### Work instructions
Repeat exactly, and only, the lines below starting at the line that contains "IMG 135 of Short" and ending at the line that contains "Elegant Kraft Wedding Menu Templates", inclusive of both.

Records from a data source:
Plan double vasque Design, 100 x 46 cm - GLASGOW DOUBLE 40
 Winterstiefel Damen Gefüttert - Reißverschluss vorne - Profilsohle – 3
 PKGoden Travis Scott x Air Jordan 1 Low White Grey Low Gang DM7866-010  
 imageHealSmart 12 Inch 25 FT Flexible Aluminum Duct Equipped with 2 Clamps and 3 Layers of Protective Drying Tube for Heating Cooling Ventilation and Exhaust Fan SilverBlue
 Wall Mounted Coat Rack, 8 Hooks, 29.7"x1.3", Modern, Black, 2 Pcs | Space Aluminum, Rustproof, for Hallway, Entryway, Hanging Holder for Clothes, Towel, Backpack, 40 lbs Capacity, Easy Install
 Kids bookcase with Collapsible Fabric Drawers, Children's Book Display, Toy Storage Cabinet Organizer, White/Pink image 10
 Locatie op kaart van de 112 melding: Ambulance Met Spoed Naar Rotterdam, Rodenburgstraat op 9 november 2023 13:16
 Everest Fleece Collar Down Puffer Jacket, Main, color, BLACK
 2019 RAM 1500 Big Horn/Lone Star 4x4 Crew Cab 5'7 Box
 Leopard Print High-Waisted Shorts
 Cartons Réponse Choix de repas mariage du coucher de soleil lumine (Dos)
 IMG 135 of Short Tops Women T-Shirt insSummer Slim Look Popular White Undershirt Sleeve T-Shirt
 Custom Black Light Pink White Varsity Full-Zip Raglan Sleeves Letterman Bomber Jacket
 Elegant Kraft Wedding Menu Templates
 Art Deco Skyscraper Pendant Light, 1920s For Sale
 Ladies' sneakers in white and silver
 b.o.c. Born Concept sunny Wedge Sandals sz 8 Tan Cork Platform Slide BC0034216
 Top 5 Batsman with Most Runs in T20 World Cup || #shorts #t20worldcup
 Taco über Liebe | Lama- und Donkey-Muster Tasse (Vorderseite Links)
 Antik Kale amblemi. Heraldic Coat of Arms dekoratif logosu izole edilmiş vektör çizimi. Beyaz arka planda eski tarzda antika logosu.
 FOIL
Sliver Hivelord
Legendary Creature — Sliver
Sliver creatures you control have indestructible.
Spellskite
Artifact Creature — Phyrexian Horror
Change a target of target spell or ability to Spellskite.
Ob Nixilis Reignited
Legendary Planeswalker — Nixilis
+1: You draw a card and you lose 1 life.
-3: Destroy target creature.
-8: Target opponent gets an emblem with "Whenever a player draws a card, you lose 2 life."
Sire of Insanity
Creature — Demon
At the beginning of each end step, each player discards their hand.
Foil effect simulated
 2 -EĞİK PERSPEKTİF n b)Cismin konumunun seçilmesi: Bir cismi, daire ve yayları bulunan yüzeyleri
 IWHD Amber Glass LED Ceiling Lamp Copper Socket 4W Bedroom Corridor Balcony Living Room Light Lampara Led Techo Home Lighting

### Answer to this task
 IMG 135 of Short Tops Women T-Shirt insSummer Slim Look Popular White Undershirt Sleeve T-Shirt
 Custom Black Light Pink White Varsity Full-Zip Raglan Sleeves Letterman Bomber Jacket
 Elegant Kraft Wedding Menu Templates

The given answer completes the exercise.